I'm already thinking about spring fishing in 2024, studying the maps, wondering, and planning. One of my favorite ponds is fed by wetlands and those wetlands are drained by a river that's about three miles long and about ten yards across. I've fished that river and caught some bass, but not a lot. There isn't much current. 

 

I'm thinking that come spring, that wetland water, being shallow and clotted with vegetation, might warm a little faster than the deeper water in the pond, and that warmer water which drains into the river might draw bass. What do you think? The pond itself is shallow too, about eight feet at its deepest. The pond is just a basin with not much structure, but considerable weeds in the summer. I caught a 20 lb. bag there one morning in 2023, i.e. five, fat bass 19" or a bit bigger, and I'd love to find such bass in that little river too. The little river has tributaries wide enough to fish too, so I also

plan to paddle up those and fish them before they become weed-choked come summer. 

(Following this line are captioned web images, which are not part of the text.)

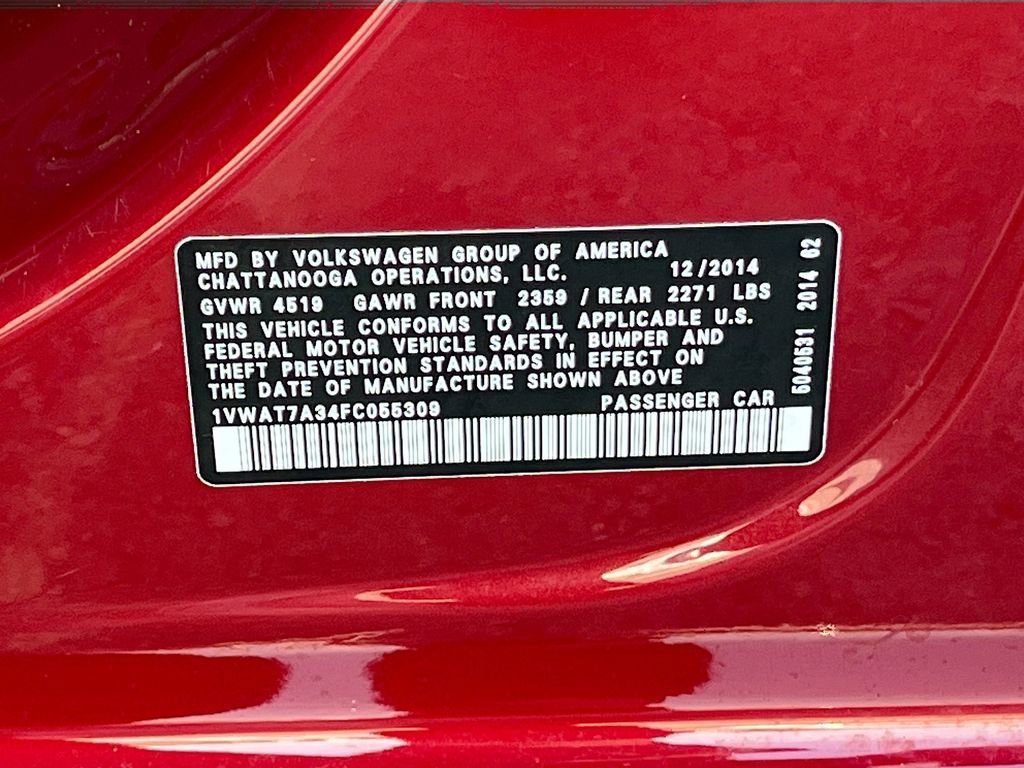 Used 2015 Volkswagen Passat 1.8T Wolfsburg Edition image 27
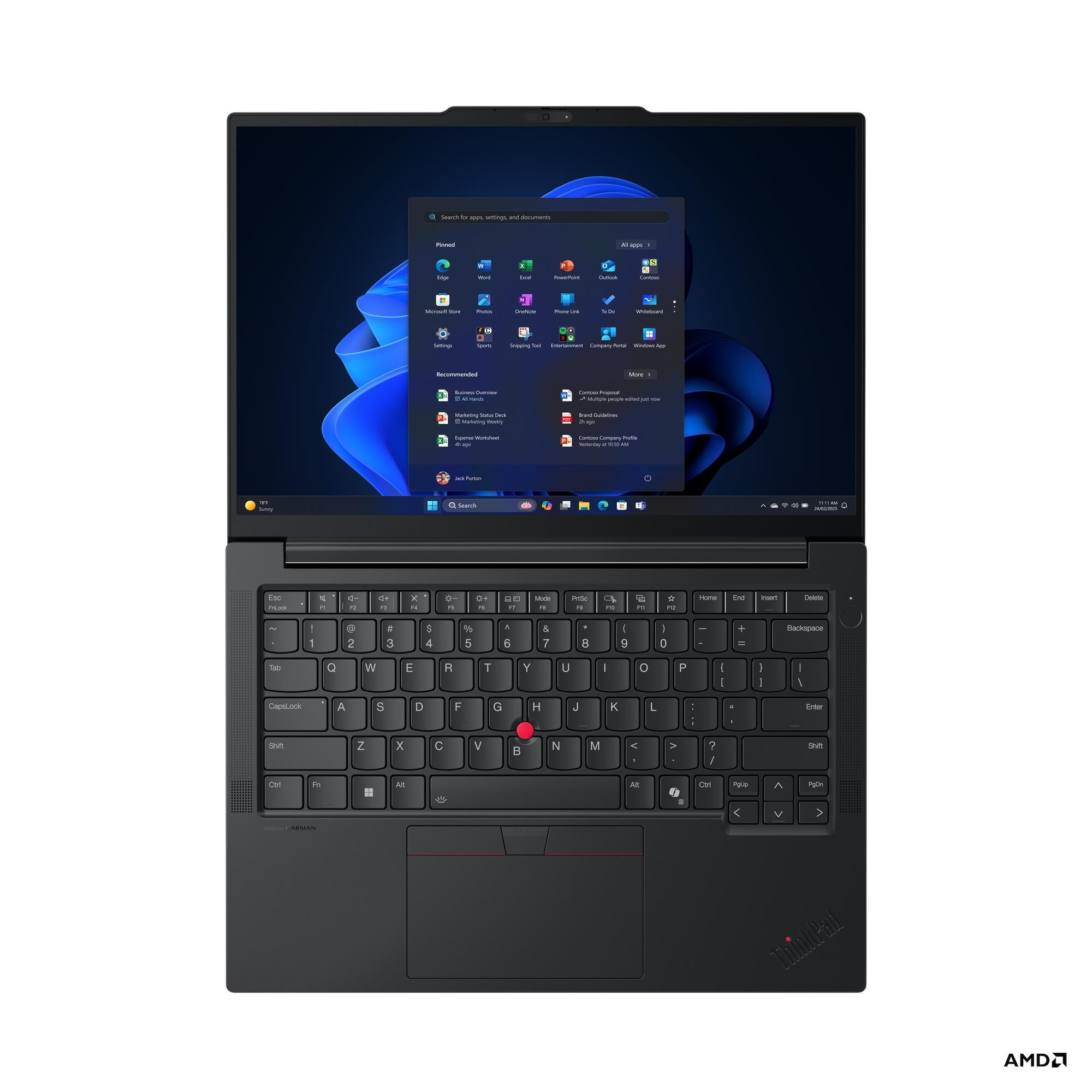 Lenovo ThinkPad E14 G7 AMD | Black | 14 " | IPS | WUXGA | 1920 x 1200 pixels | Anti-glare | AMD Ryzen 5 | 230 | 16 GB | SO-DIMM DDR5 | Solid-state drive capacity 512 GB | AMD Radeon 760M Graphics | Windows 11 Pro | 802.11ax | Bluetooth version 5.3 | Keyboard language English | Keyboard backlit | Warranty 36 month(s) | Battery warranty 12 month(s) - Image 28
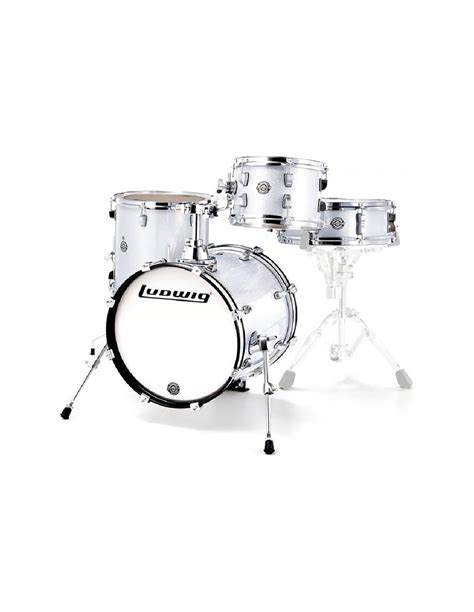 Ludwig LC179XX Breakbeats White Sparkle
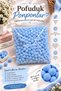 Blue Soft Pompom 2 cm - 100 Pieces
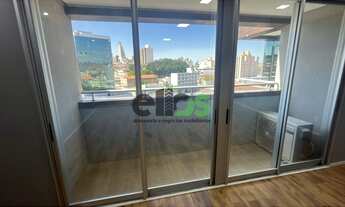 Imagem 4: Sala comercial ampla, com sacadas, ar condicionado, banheiro, 46,21m² para locação por R$4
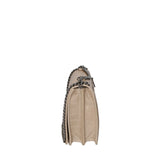 Crystalline Borsa a tracolla da donna Vera pelle 80066-TAUPE Gave Lux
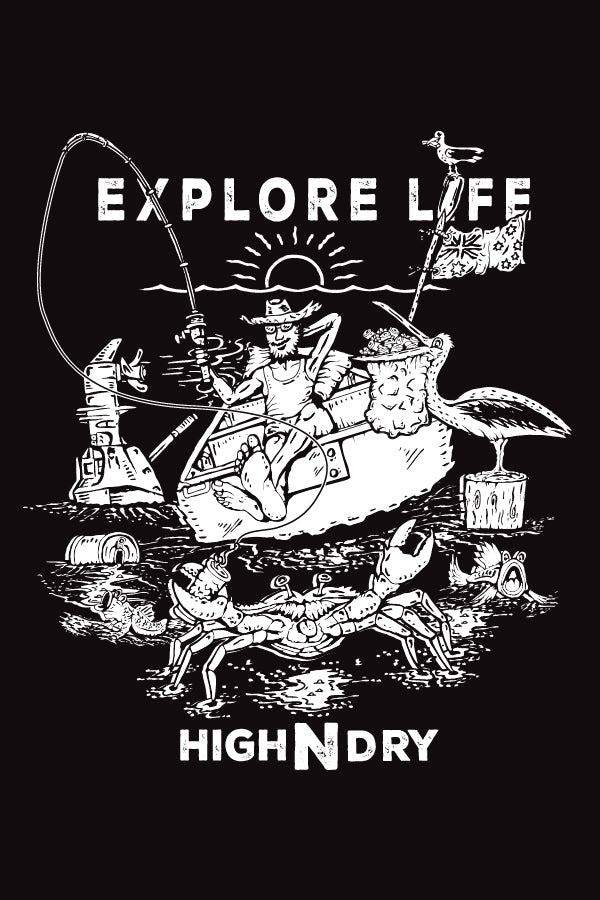 High n Dry Tee - Black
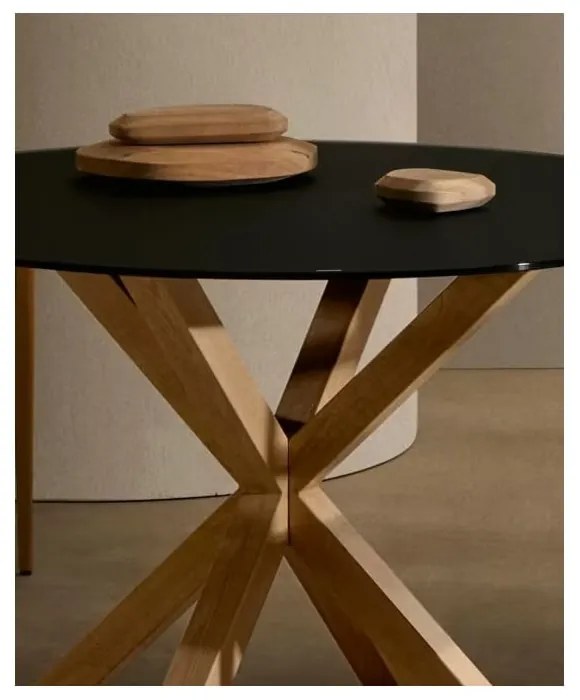 Jedálenský stôl so sklenenou doskou 100x200 cm Argo – Kave Home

It depends on how early you’re looking to get out there I’d say. I know around here ( pretty much just about as far north as you are in Maine), usually any moving water is often cooler than the still water of  lakes/ponds first thing after the ice goes out. I’ve never seen a lot of action in moving water until well into May when things start to warm up all around. Guess you’ll never know till you try it though, might as well give it a go and see what’s out there.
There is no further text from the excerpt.